# Anyone else feed like this?



## Broseph (Dec 5, 2011)

Anyone else feed like this?










I skip the crushing motion, but I pour the flies into my hand and blow them into the vivs exactly like this. Not every time, but often enough.


----------



## Socratic Monologue (Apr 7, 2018)

Do the frogs react with a startled look, then watch the flies fall? 

I put FF in a squeeze bottle and then try to blow out the proper amount, but I'm going to try your way next feeding -- might be easier to control the quantity.


----------



## Broseph (Dec 5, 2011)

It definitely startles them a little more than the dump pile method! But not enough to stop them from eating. It’s fun to watch them hunt through the foliage instead of tripping over each other to gorge at the trough.

Are you talking about a condiment squeeze bottle? That’s also interesting!


----------



## Socratic Monologue (Apr 7, 2018)

Yes, a small condiment bottle, like these:



https://www.amazon.com/Hedume-4-Ounce-Plastic-Squeeze-Measurement/dp/B08GP3P7RJ/ref=sr_1_13?crid=G3GHO1DD5X94&dchild=1&keywords=4+oz+plastic+squeeze+bottles&qid=1607134800&sprefix=4+oz+plastic+sq%2Caps%2C298&sr=8-13



One problem is that when using older cultures, the clumps of empty puparia (that's my new word for today, BTW ) stick in the spout, so it isn't a perfect method.

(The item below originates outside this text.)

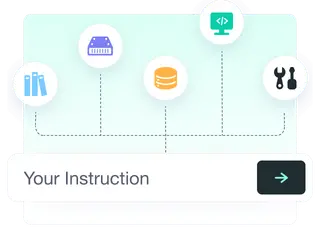 配备有效的工具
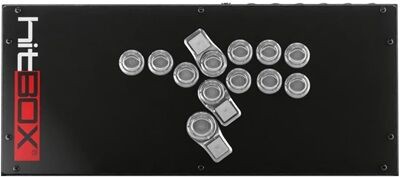 格ゲー初心者におすすめのヒットボックス（レバーレス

I also use these bottles for my short term working supply of Calcium Plus, Repashy Vit A, baker's yeast (for feeding springtails), Repashy Morning Wood (for feeding isopods) and tad pellets.


----------



## Kmc (Jul 26, 2019)

I like to save the little plastic whatever they ares that you get in pizza boxes and arrange them in a kind of bistro-style row in the environment. Somewhere nice, with a view. I dont use tiny table cloths, lest the checkerboard pattern interfere with visual cues. I usually just let Pandora run, Alternative, Indie, I switch it to classic 60s if the playlist sinks too much into pretension.

Then I allow the FF to get hella drunk on merlot. They really go for merlot - adamantly.

I use a small funnel apparatus I innovated myself for the purpose and carefully spill the flies, who at this point are repeating themselves, giggling, and hitting on each other, onto the (unadorned) tiny tables.

I realize the wine, ingested by proxy could affect judgement and, long term - liver health of the frogs so I am strategic in my provision, as a carefully applied social enrichment only. Avoiding historical hierarchies and egg-eating accusations. Its not easy but I feel its worth it.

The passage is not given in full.